I wrote the first little story for the first lesson in the seventh grade text book yesterday. There wasn't much too it. Though I long to write deep thematic, fantastic epics, I've come to grips with writing watered down stories for ESL students. And even though my editors don't have a lick of imagination, I try to drop subtle pictures in that I hope the students will pick up on and perhaps, peek their interest in dreaming.
The story I wrote and sent away yesterday was less than three hundred words. A girl goes on a field trip with her class to the Natural History Museum and goes floor to floor visiting the different exhibits. The top floor, the fifth floor, was the MAN EXHIBIT. The girl sees displays of people playing chess, writing symphonies, constructing skyscrapers, and in the last exhibit, traveling to space.

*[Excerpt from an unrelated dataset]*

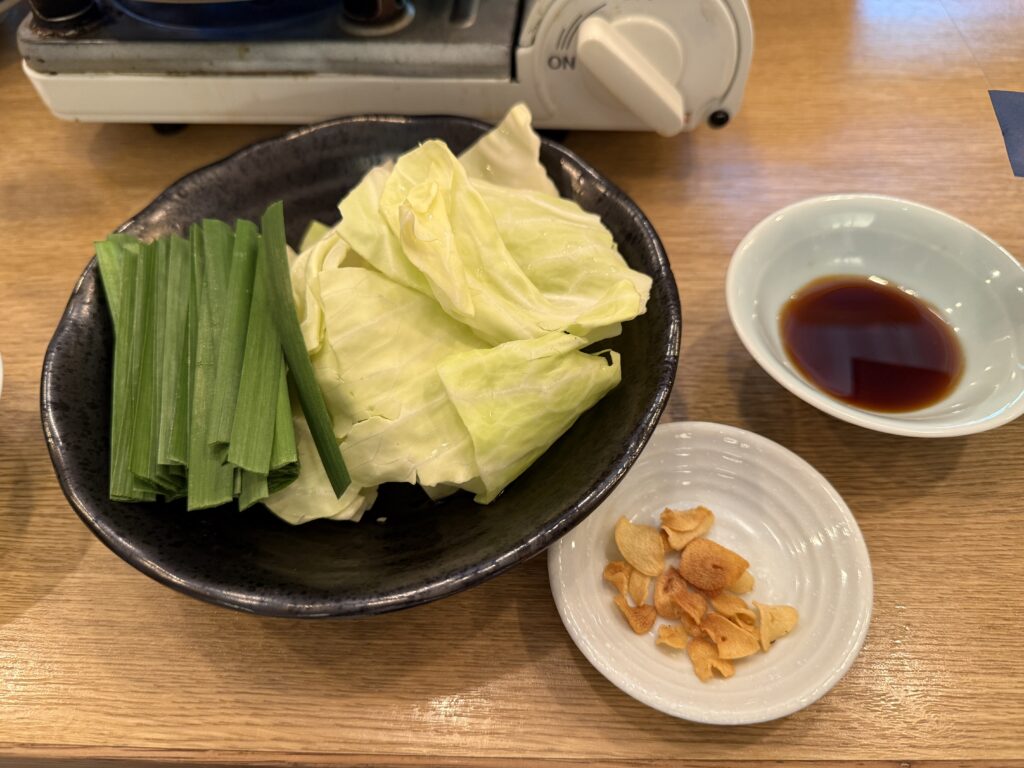 前田屋総本店の看板メニュー味噌もつ鍋を真上から捉えた一枚。プリプリのもつにキャベツ・ニラ・エノキ・こんにゃくが盛られ、にんにくと唐辛子が効いた濃厚な味噌スープが博多の王道を体現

I got the notes back from the editor today. She suggested changing that exhibit to show the history of man. "Maybe you could write about cavemen building fires and hunting with spears" she wrote.

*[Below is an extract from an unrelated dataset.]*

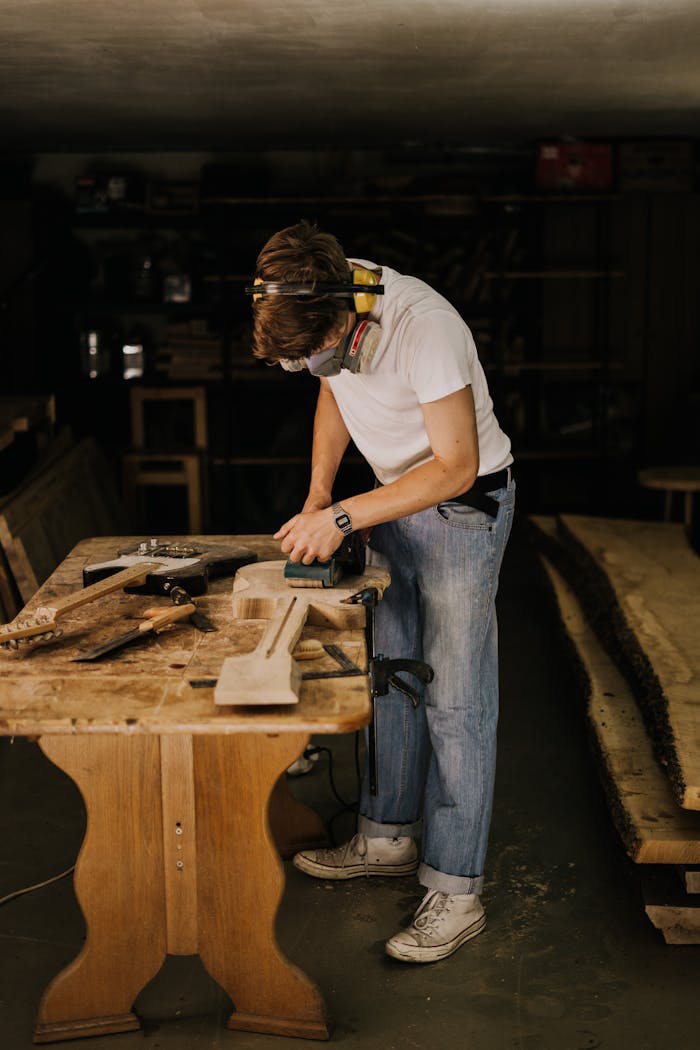 Skilled carpenter sanding a wooden plank in a workshop wearing safety gear.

No. No. No. Why should I change that? Why do educated people scoff at romantic portrayals of Man, replacing them with brutish cartoon characters?
I am seeing now that almost every shred of imagination is ringed out of educational material. They bore me to tears. I know that children respond when you ask them to open their minds. I have schools requesting that I teach their students. You think someone would ask me why my students don't fall asleep. Why my classes are fun. Why kids open up to me...
I am just tired of people unwilling to believe in magic--the nobility of Man. Children do, that is why we get along so well.